Global Co-Occurrence Feature and Local Spatial Feature Learning for Skeleton-Based Action Recognition

Jun Xie; Wentian Xin; Ruyi Liu; Qiguang Miao; Lijie Sheng; Liang Zhang; Xuesong Gao

doi:10.3390/e22101135

Global Co-Occurrence Feature and Local Spatial Feature Learning for Skeleton-Based Action Recognition

Entropy (Basel). 2020 Oct 6;22(10):1135. doi: 10.3390/e22101135.

Authors

Jun Xie¹, Wentian Xin¹, Ruyi Liu¹, Qiguang Miao¹, Lijie Sheng¹, Liang Zhang¹, Xuesong Gao²

Affiliations

¹ School of Computer Science and Technology, Xidian University, Xi'an 710071, China.
² State Key Laboratory of Digital Multimedia Technology, Hisense Co., Ltd., Qingdao 266071, China.

Abstract

Recent progress on skeleton-based action recognition has been substantial, benefiting mostly from the explosive development of Graph Convolutional Networks (GCN).

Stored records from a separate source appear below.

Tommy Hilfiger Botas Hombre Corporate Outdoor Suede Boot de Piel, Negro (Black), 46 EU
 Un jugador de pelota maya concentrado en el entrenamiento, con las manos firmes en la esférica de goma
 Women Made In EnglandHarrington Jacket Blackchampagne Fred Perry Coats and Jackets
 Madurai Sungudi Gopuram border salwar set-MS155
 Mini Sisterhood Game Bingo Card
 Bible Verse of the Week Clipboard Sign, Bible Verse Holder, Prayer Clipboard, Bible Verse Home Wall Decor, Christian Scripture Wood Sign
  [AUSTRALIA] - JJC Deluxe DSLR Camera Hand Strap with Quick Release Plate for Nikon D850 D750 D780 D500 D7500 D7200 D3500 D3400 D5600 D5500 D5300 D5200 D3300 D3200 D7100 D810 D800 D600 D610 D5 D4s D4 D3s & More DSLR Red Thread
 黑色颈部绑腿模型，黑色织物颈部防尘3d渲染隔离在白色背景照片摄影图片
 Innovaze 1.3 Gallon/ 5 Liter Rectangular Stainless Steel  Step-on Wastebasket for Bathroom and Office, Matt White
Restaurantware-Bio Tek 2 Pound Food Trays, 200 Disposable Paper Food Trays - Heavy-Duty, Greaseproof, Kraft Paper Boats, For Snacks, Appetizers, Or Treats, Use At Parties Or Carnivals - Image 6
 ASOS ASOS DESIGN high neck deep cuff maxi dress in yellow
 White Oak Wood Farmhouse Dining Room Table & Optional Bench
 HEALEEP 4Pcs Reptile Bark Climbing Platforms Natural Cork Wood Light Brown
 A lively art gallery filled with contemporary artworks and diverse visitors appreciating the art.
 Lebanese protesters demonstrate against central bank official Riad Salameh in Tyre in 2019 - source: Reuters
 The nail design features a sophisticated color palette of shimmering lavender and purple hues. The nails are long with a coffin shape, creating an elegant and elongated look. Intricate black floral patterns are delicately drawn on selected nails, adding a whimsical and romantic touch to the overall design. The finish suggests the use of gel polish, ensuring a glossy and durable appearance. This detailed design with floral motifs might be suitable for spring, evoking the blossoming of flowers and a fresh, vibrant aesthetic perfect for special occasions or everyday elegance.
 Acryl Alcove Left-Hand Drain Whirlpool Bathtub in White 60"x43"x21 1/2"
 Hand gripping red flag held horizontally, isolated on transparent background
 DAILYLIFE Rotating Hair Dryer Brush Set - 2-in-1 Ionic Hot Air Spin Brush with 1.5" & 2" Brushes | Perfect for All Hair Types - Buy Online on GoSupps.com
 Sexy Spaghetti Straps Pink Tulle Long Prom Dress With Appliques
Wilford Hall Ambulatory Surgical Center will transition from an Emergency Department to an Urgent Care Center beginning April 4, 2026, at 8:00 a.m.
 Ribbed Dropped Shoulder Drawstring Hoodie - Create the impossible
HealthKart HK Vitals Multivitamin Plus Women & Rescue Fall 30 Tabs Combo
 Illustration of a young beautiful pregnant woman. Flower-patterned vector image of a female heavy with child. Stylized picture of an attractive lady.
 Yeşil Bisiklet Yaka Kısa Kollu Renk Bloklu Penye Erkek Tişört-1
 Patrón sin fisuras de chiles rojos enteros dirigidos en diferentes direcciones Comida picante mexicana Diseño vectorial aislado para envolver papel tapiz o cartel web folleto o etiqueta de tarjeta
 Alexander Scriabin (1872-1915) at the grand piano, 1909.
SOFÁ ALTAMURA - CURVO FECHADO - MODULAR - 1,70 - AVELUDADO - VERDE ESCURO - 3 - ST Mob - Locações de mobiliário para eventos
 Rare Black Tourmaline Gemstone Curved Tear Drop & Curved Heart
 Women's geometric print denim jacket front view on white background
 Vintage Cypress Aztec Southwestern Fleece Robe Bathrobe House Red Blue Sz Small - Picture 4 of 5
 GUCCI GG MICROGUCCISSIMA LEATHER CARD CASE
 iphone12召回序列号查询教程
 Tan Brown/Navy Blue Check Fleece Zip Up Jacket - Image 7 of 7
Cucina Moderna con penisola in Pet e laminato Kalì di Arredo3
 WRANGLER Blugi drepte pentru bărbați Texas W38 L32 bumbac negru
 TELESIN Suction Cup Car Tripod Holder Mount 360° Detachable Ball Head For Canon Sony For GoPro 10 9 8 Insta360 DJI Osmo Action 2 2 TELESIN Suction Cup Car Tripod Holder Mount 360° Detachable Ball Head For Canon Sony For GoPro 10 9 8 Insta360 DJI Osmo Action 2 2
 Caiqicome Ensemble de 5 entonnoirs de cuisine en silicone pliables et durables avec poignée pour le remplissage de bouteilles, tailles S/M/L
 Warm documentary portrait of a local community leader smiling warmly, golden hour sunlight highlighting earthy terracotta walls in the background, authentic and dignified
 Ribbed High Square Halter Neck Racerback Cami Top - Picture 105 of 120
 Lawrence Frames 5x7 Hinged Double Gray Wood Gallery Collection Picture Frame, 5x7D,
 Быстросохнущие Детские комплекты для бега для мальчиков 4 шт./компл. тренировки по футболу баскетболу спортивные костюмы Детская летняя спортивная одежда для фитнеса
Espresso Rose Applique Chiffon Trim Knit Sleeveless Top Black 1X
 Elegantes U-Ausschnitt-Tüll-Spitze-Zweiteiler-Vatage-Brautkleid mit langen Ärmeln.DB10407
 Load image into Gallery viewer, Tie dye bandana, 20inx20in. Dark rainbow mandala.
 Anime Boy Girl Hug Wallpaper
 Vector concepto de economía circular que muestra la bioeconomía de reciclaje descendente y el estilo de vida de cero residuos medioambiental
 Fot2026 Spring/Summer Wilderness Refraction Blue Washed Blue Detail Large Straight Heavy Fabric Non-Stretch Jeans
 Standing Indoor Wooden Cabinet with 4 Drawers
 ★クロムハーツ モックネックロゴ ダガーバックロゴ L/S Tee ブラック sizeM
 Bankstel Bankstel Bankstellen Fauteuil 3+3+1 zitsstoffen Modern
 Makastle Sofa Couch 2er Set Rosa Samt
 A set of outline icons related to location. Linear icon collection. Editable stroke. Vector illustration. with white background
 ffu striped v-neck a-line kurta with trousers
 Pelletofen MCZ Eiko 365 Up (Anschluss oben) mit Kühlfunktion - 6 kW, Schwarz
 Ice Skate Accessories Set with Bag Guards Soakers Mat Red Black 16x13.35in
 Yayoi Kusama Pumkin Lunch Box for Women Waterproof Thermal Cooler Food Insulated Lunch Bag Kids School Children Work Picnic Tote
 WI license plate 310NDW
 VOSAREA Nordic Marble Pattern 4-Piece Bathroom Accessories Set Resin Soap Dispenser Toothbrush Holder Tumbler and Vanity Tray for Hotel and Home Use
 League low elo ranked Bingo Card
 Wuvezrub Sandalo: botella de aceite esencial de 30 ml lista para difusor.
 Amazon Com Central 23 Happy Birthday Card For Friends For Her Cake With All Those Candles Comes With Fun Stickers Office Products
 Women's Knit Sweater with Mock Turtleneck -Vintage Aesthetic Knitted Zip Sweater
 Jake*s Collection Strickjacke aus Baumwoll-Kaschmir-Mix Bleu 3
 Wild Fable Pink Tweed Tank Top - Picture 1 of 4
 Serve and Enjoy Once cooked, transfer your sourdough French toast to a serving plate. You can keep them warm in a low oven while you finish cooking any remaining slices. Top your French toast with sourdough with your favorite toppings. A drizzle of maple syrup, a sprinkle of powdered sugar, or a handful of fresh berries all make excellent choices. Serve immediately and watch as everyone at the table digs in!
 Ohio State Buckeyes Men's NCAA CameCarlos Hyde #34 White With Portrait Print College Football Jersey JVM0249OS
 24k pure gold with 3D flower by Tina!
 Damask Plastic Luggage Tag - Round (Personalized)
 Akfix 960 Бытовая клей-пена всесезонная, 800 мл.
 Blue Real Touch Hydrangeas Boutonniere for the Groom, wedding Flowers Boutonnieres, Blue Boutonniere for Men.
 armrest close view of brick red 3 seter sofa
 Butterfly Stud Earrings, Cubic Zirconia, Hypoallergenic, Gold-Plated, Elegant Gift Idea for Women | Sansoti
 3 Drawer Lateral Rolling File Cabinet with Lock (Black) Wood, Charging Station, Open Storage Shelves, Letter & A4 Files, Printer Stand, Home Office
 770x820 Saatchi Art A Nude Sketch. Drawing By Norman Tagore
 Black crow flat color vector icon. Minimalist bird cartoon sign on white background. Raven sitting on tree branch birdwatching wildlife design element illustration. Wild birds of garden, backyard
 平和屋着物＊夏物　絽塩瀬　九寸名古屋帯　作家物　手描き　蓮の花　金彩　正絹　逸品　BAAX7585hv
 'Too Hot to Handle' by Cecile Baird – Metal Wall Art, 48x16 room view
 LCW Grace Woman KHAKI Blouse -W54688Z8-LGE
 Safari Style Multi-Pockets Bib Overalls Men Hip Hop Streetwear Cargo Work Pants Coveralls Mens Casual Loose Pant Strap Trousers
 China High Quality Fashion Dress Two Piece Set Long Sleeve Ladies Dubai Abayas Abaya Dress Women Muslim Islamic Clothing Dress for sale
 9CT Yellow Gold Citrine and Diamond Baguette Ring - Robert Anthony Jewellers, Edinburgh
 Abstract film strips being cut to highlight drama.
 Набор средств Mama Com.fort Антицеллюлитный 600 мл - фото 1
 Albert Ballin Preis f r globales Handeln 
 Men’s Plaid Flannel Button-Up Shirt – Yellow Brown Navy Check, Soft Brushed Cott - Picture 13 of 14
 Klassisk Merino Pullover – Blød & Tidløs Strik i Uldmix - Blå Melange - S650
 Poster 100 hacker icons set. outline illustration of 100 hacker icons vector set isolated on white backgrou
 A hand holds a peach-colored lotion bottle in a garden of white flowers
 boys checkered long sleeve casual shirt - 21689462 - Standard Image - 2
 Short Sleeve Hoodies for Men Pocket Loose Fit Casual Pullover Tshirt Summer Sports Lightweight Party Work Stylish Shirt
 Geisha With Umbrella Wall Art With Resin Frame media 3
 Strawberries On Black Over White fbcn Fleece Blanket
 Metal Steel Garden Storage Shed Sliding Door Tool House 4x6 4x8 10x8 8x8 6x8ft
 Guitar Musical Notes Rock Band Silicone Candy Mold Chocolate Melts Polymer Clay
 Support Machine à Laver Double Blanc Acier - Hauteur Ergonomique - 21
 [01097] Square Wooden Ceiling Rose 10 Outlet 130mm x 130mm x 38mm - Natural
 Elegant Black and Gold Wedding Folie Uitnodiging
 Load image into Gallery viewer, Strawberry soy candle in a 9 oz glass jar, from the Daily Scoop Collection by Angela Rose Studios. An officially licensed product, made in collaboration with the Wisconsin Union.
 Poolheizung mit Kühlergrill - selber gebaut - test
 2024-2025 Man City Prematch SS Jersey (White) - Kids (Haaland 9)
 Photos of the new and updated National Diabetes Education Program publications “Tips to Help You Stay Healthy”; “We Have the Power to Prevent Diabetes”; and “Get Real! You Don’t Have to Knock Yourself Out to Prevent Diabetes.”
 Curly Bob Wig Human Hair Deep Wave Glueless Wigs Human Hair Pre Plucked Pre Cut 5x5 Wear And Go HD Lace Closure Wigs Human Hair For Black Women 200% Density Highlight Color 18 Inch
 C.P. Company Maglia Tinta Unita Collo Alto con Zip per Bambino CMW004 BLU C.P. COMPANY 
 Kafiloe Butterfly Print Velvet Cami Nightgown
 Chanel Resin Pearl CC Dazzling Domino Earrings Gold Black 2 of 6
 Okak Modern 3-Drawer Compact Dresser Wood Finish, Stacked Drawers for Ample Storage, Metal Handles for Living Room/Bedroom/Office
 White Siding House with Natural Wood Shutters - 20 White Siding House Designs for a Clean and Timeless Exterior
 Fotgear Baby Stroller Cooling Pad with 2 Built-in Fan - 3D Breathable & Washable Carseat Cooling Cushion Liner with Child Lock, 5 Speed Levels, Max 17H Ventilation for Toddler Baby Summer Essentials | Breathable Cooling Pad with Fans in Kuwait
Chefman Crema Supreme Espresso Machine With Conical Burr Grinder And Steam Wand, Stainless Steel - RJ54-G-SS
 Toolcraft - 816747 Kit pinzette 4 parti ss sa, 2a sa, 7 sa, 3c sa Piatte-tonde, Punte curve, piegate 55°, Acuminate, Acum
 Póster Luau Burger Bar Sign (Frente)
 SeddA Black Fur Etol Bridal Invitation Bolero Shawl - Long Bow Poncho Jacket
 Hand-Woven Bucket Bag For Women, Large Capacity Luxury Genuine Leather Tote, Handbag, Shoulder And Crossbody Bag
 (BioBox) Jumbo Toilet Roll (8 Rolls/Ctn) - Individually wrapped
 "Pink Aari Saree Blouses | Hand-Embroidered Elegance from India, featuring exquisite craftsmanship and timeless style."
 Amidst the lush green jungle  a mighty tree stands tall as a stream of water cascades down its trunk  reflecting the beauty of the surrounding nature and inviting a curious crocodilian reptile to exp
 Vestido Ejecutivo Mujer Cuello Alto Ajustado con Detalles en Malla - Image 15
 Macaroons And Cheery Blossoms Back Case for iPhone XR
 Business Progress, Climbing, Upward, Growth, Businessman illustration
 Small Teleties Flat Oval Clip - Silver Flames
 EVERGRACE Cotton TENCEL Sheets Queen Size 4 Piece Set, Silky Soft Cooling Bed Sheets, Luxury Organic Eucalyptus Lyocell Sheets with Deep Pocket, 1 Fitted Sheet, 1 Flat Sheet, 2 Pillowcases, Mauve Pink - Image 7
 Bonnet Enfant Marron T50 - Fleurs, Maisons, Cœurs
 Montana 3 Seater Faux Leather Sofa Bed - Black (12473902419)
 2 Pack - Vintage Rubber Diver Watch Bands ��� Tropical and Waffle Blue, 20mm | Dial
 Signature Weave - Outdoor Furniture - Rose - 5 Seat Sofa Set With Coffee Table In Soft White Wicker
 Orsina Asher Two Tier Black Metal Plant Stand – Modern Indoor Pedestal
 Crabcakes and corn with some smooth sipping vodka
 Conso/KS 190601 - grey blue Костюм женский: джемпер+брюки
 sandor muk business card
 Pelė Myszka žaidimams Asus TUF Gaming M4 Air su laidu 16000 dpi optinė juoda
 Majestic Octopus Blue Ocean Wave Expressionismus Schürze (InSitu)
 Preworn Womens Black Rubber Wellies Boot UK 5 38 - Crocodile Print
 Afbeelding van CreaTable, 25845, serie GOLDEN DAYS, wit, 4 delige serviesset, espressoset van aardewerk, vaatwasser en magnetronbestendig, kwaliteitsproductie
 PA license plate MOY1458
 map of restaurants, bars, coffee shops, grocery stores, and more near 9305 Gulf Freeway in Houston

However, prevailing GCN-based methods may not effectively capture the global co-occurrence features among joints and the local spatial structure features composed of adjacent bones. They also ignore the effect of channels unrelated to action recognition on model performance. Accordingly, to address these issues, we propose a Global Co-occurrence feature and Local Spatial feature learning model (GCLS) consisting of two branches. The first branch, based on the Vertex Attention Mechanism branch (VAM-branch), captures the global co-occurrence feature of actions effectively; the second, based on the Cross-kernel Feature Fusion branch (CFF-branch), extracts local spatial structure features composed of adjacent bones and restrains the channels unrelated to action recognition. Extensive experiments on two large-scale datasets, NTU-RGB+D and Kinetics, demonstrate that GCLS achieves the best performance when compared to the mainstream approaches.

Keywords: feature fusion; graph convolutional network; skeleton-based action recognition.